**PROBLEM DESCRIPTION**
Transcribe exactly, and only, the lines running from the one with "En mann står" to the end of the entries below, both included, without any pictures.

Records from a dataset:
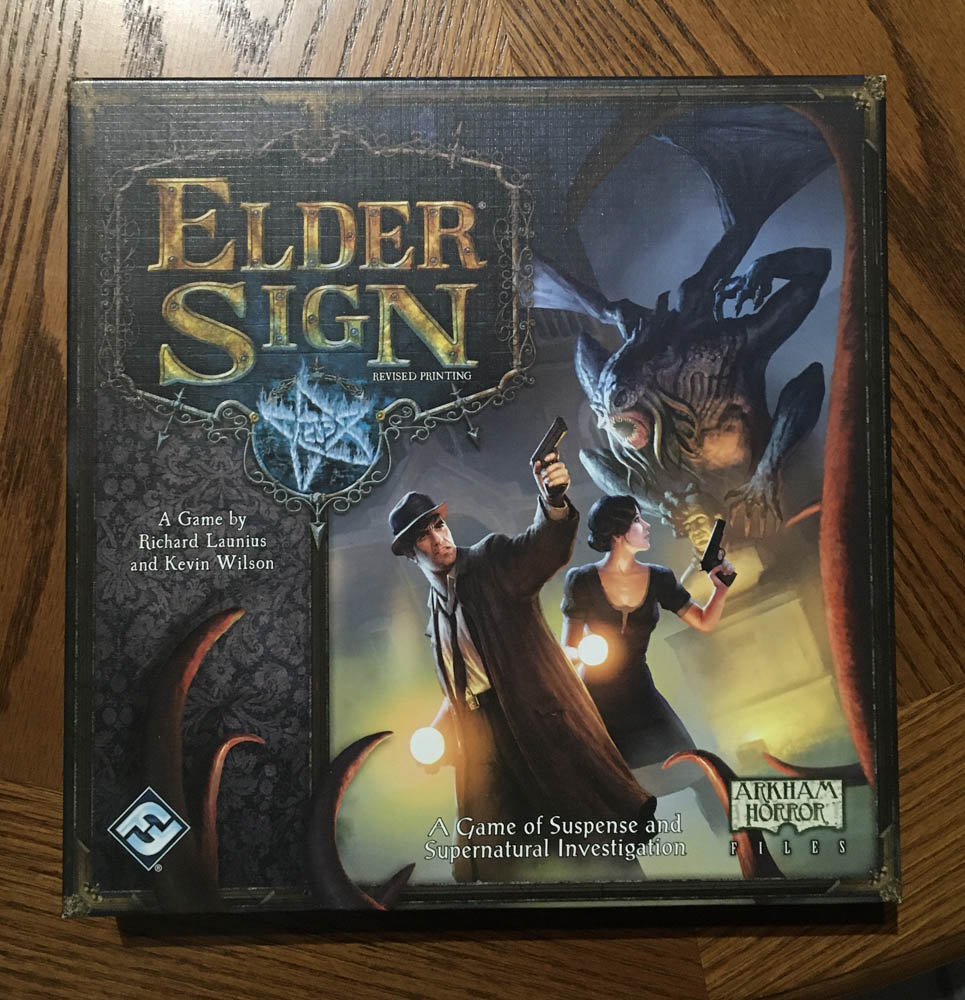 game box featuring two investigators and a monster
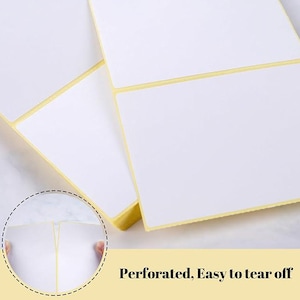 May include: Close-up of white rectangular labels with yellow backing. The labels are perforated for easy tearing. The text "Perforated, Easy to tear off" is displayed at the bottom of the image.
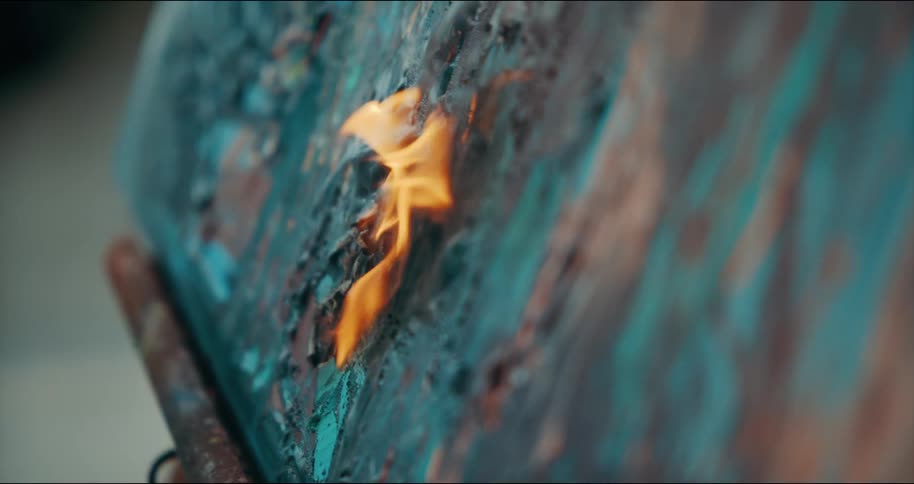 An artist uses an air gun to out the flames on her canvas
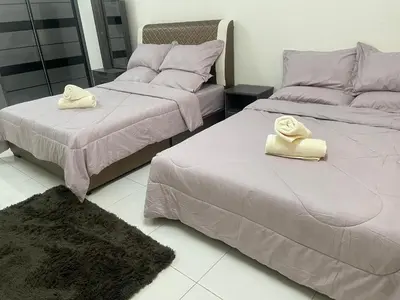 two beds with towels on them in a room at ZaraVip homestay in Lahat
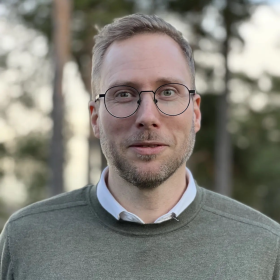 En mann står utendørs og ser rett mot kamera. Han har kort, lyst hår, kort skjegg og runde briller. Han har på seg en grå genser over en hvit skjorte. Bakgrunnen er litt uskarp med trær i dempet lys.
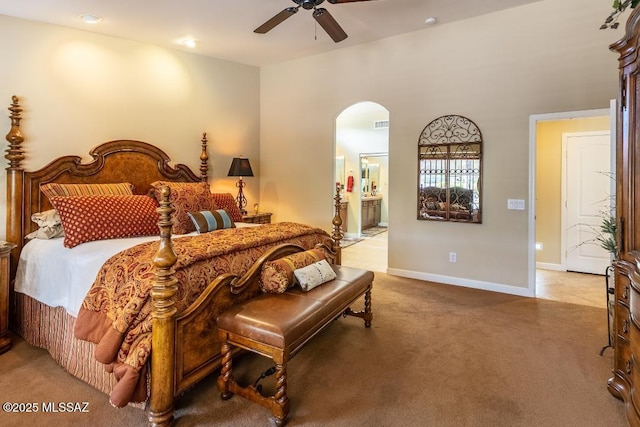 61867 E Ironwood Ln, Tucson, AZ 85739 - carpeted bedroom featuring connected bathroom, arched walkways, recessed lighting, baseboards, and a ceiling fan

**EXPECTED ANSWER**
 En mann står utendørs og ser rett mot kamera. Han har kort, lyst hår, kort skjegg og runde briller. Han har på seg en grå genser over en hvit skjorte. Bakgrunnen er litt uskarp med trær i dempet lys.
 61867 E Ironwood Ln, Tucson, AZ 85739 - carpeted bedroom featuring connected bathroom, arched walkways, recessed lighting, baseboards, and a ceiling fan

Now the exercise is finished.